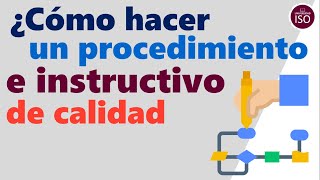 Developing ISO 9001 procedures - How to create a quality procedure and instruction manual?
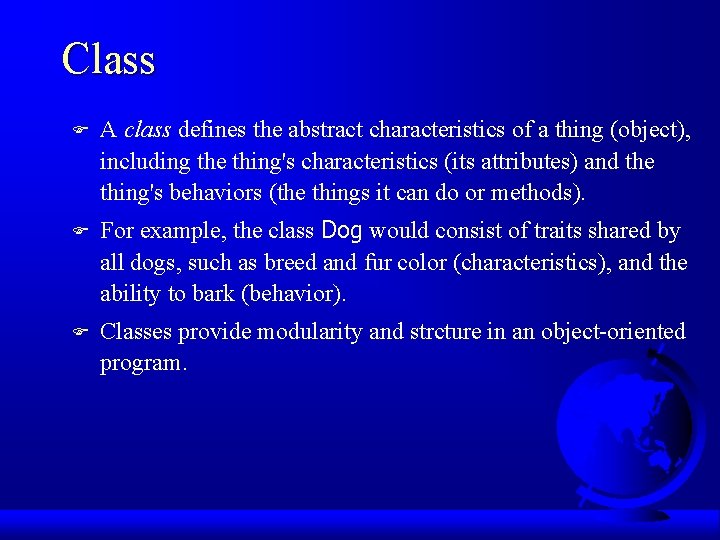 Class F A class defines the abstract characteristics of a thing (object), including the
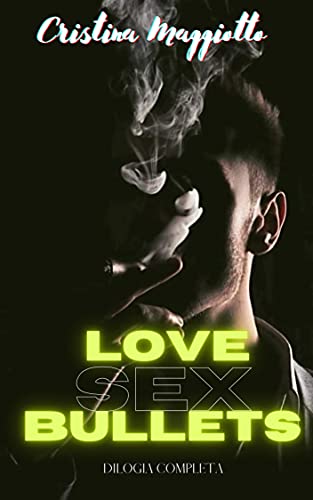 Cristina Maggiotto – Love, sex & bullets (dilogia completa) (2021)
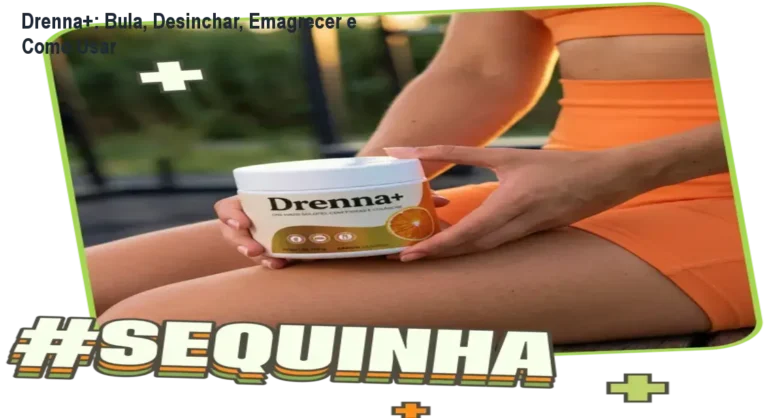 Pote de Drenna+ com ingredientes como chá verde e hibisco, simbolizando emagrecimento, detox e redução de inchaço.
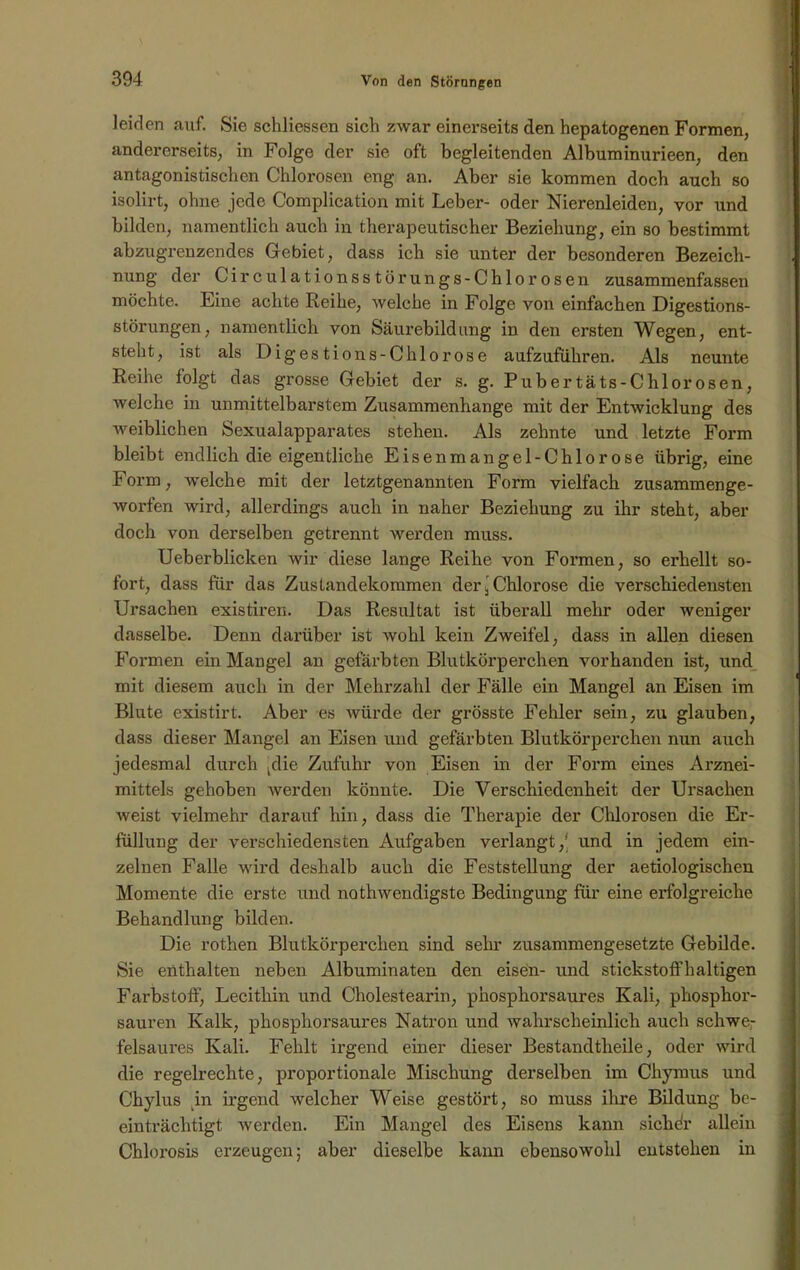 leiden auf. Sie schliessen sich zwar einerseits den hepatogenen Formen, andererseits, in Folge der sie oft begleitenden Albuminurieen, den antagonistischen Chlorosen eng an. Aber sie kommen doch auch so isolirt, ohne jede Complication mit Leber- oder Nierenleiden, vor und bilden, namentlich auch in therapeutischer Beziehung, ein so bestimmt abzugrenzendes Gebiet, dass ich sie unter der besonderen Bezeich- nung der Circulationsstörungs-Chlorosen zusammenfassen möchte. Eine achte Reihe, Avelche in Folge von einfachen Digestions- störungen, namentlich von Säurebild uh g in den ersten Wegen, ent- steht, ist als Digestions-Chlorose aufzuführen. Als neunte Reihe folgt das grosse Gebiet der s. g. Pubertäts-Chlorosen, welche in unmittelbarstem Zusammenhänge mit der Entwicklung des weiblichen Sexualapparates stehen. Als zehnte und letzte Form bleibt endlich die eigentliche Eisenmangel-Chlorose übrig, eine Form, welche mit der letztgenannten Form vielfach zusammenge- worfen wird, allerdings auch in naher Beziehung zu ihr steht, aber doch von derselben getrennt werden muss. Ueberblicken wir diese lange Reihe von Formen, so erhellt so- fort, dass für das Zustandekommen der ’ Chlorose die verschiedensten Ursachen existiren. Das Resultat ist überall mehr oder weniger dasselbe. Denn darüber ist wohl kein Zweifel, dass in allen diesen Formen ein Mangel an gefärbten Blutkörperchen vorhanden ist, und mit diesem auch in der Mehrzahl der Fälle ein Mangel an Eisen im Blute existirt. Aber es würde der grösste Fehler sein, zu glauben, dass dieser Mangel an Eisen und gefärbten Blutkörperchen nun auch jedesmal durch -die Zufuhr von Eisen in der Form eines Arznei- mittels gehoben werden könnte. Die Verschiedenheit der Ursachen weist vielmehr darauf hin, dass die Therapie der Chlorosen die Er- füllung der verschiedensten Aufgaben verlangt,* und in jedem ein- zelnen Falle wird deshalb auch die Feststellung der aetiologischen Momente die erste und nothwendigste Bedingung für eine erfolgreiche Behandlung bilden. Die rothen Blutkörperchen sind sehr zusammengesetzte Gebilde. Sie enthalten neben Albuminaten den eisen- und stickstoffhaltigen Farbstoff, Lecithin und Cholestearin, phosphorsaures Kali, phosphor- sauren Kalk, phosphorsaures Natron und wahrscheinlich auch schwe- felsaures Kali. Fehlt irgend einer dieser Bestandtlieile, oder wird die regelrechte, proportionale Mischung derselben im Chymus und Chylus in irgend welcher Weise gestört, so muss ihre Bildung be- einträchtigt werden. Ein Mangel des Eisens kann sichdr allein Cblorosis erzeugen; aber dieselbe kann ebensowohl entstehen in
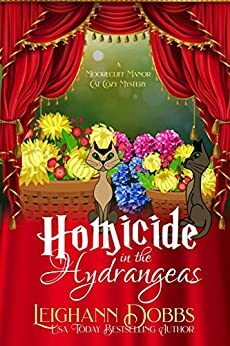 Homicide in the Hydrangeas by Leighann Dobbs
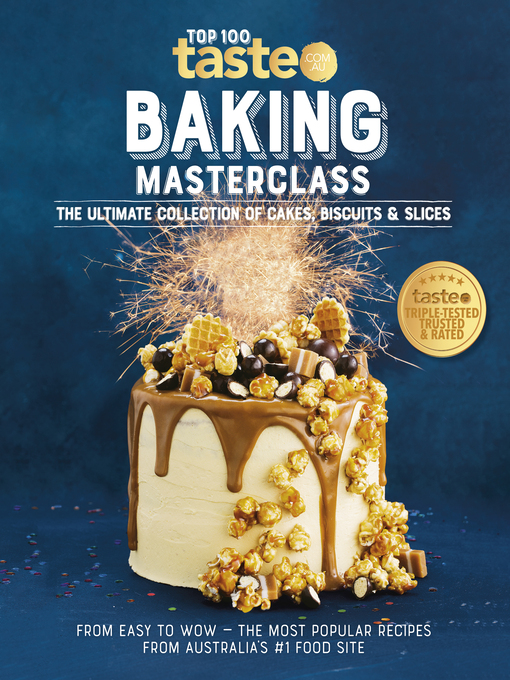 Title details for Baking Masterclass by taste.com.au - Available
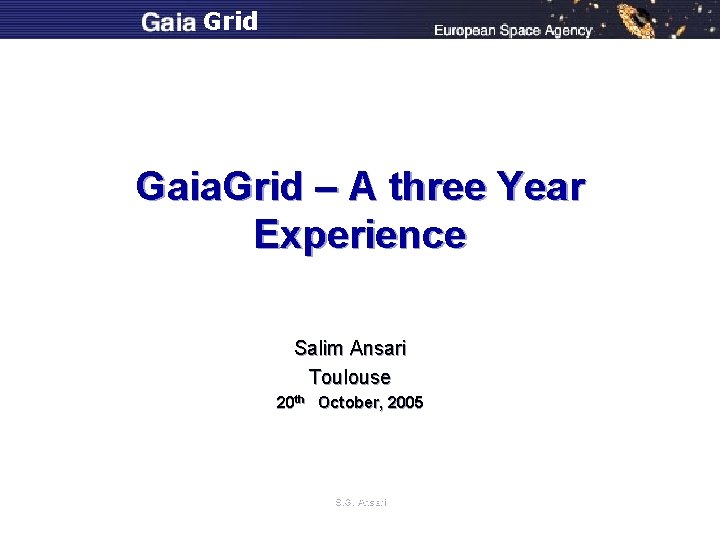Grid Gaia. Grid – A three Year Experience Salim Ansari Toulouse 20 th October,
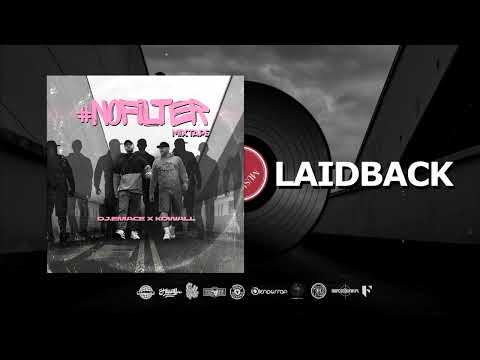 DJ.EMACE x KOWALL - LAIDBACK // #nofilter_mixtape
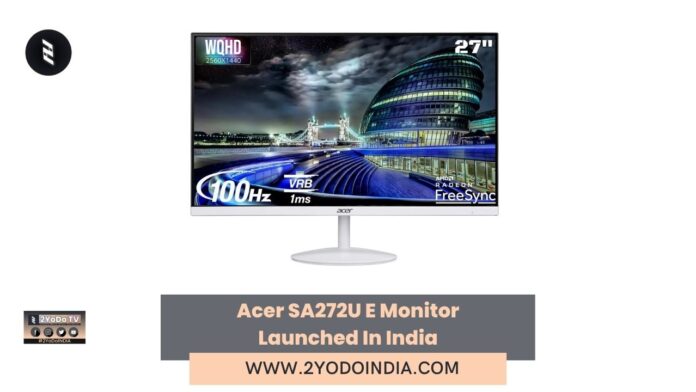 Acer SA272U E Monitor Launched In India | Price in India | Specifications | 2YODOINDIA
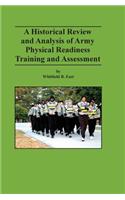 Historical Review and Analysis of Army Physical Readiness Training and Assessment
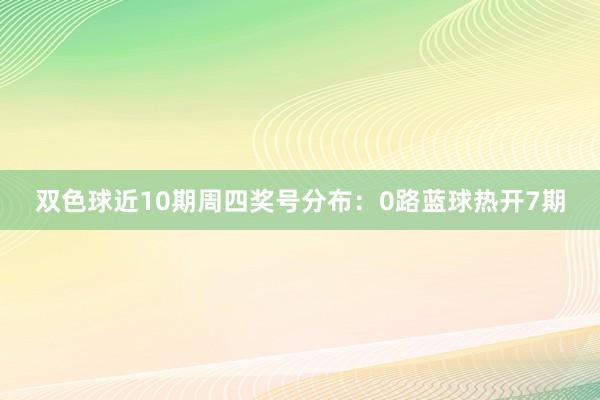 双色球近10期周四奖号分布：0路蓝球热开7期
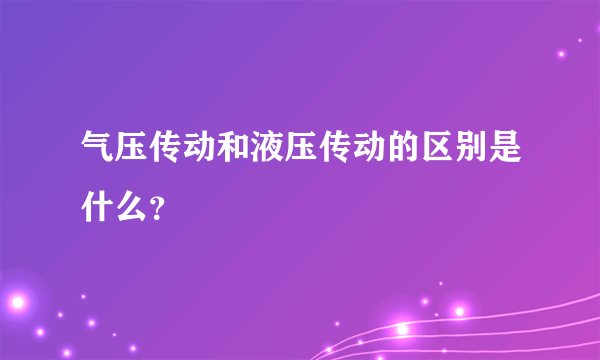 气压传动和液压传动的区别是什么？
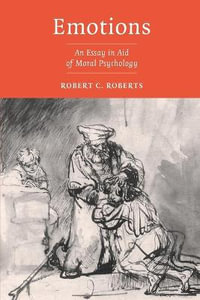 Emotions : An Essay in Aid of Moral Psychology - Robert Campbell Roberts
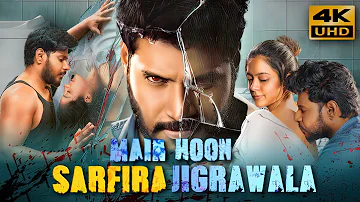 Main Hoon Sarfira Jigrawala (2019) Hindi Dubbed Full Movie | Starring Sundeep Kishan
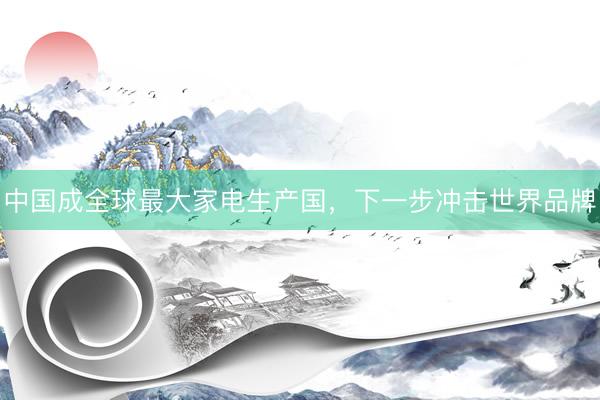 中国成全球最大家电生产国,下一步冲击世界品牌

## WHAT IS BEING ASKED
For this step, transcribe all the material above exactly and drop the images.

## OUTPUT OF THE TASK
 Developing ISO 9001 procedures - How to create a quality procedure and instruction manual?
 Class F A class defines the abstract characteristics of a thing (object), including the
 Cristina Maggiotto – Love, sex & bullets (dilogia completa) (2021)
 Pote de Drenna+ com ingredientes como chá verde e hibisco, simbolizando emagrecimento, detox e redução de inchaço.
 leiden auf. Sie schliessen sich zwar einerseits den hepatogenen Formen, andererseits, in Folge der sie oft begleitenden Albuminurieen, den antagonistischen Chlorosen eng an. Aber sie kommen doch auch so isolirt, ohne jede Complication mit Leber- oder Nierenleiden, vor und bilden, namentlich auch in therapeutischer Beziehung, ein so bestimmt abzugrenzendes Gebiet, dass ich sie unter der besonderen Bezeich- nung der Circulationsstörungs-Chlorosen zusammenfassen möchte. Eine achte Reihe, Avelche in Folge von einfachen Digestions- störungen, namentlich von Säurebild uh g in den ersten Wegen, ent- steht, ist als Digestions-Chlorose aufzuführen. Als neunte Reihe folgt das grosse Gebiet der s. g. Pubertäts-Chlorosen, welche in unmittelbarstem Zusammenhänge mit der Entwicklung des weiblichen Sexualapparates stehen. Als zehnte und letzte Form bleibt endlich die eigentliche Eisenmangel-Chlorose übrig, eine Form, welche mit der letztgenannten Form vielfach zusammenge- worfen wird, allerdings auch in naher Beziehung zu ihr steht, aber doch von derselben getrennt werden muss. Ueberblicken wir diese lange Reihe von Formen, so erhellt so- fort, dass für das Zustandekommen der ’ Chlorose die verschiedensten Ursachen existiren. Das Resultat ist überall mehr oder weniger dasselbe. Denn darüber ist wohl kein Zweifel, dass in allen diesen Formen ein Mangel an gefärbten Blutkörperchen vorhanden ist, und mit diesem auch in der Mehrzahl der Fälle ein Mangel an Eisen im Blute existirt. Aber es würde der grösste Fehler sein, zu glauben, dass dieser Mangel an Eisen und gefärbten Blutkörperchen nun auch jedesmal durch -die Zufuhr von Eisen in der Form eines Arznei- mittels gehoben werden könnte. Die Verschiedenheit der Ursachen weist vielmehr darauf hin, dass die Therapie der Chlorosen die Er- füllung der verschiedensten Aufgaben verlangt,* und in jedem ein- zelnen Falle wird deshalb auch die Feststellung der aetiologischen Momente die erste und nothwendigste Bedingung für eine erfolgreiche Behandlung bilden. Die rothen Blutkörperchen sind sehr zusammengesetzte Gebilde. Sie enthalten neben Albuminaten den eisen- und stickstoffhaltigen Farbstoff, Lecithin und Cholestearin, phosphorsaures Kali, phosphor- sauren Kalk, phosphorsaures Natron und wahrscheinlich auch schwe- felsaures Kali. Fehlt irgend einer dieser Bestandtlieile, oder wird die regelrechte, proportionale Mischung derselben im Chymus und Chylus in irgend welcher Weise gestört, so muss ihre Bildung be- einträchtigt werden. Ein Mangel des Eisens kann sichdr allein Cblorosis erzeugen; aber dieselbe kann ebensowohl entstehen in
 Homicide in the Hydrangeas by Leighann Dobbs
 Title details for Baking Masterclass by taste.com.au - Available
Grid Gaia. Grid – A three Year Experience Salim Ansari Toulouse 20 th October,
 DJ.EMACE x KOWALL - LAIDBACK // #nofilter_mixtape
 Acer SA272U E Monitor Launched In India | Price in India | Specifications | 2YODOINDIA
 Historical Review and Analysis of Army Physical Readiness Training and Assessment
 双色球近10期周四奖号分布：0路蓝球热开7期
 气压传动和液压传动的区别是什么？
 Emotions : An Essay in Aid of Moral Psychology - Robert Campbell Roberts
 Main Hoon Sarfira Jigrawala (2019) Hindi Dubbed Full Movie | Starring Sundeep Kishan
 中国成全球最大家电生产国,下一步冲击世界品牌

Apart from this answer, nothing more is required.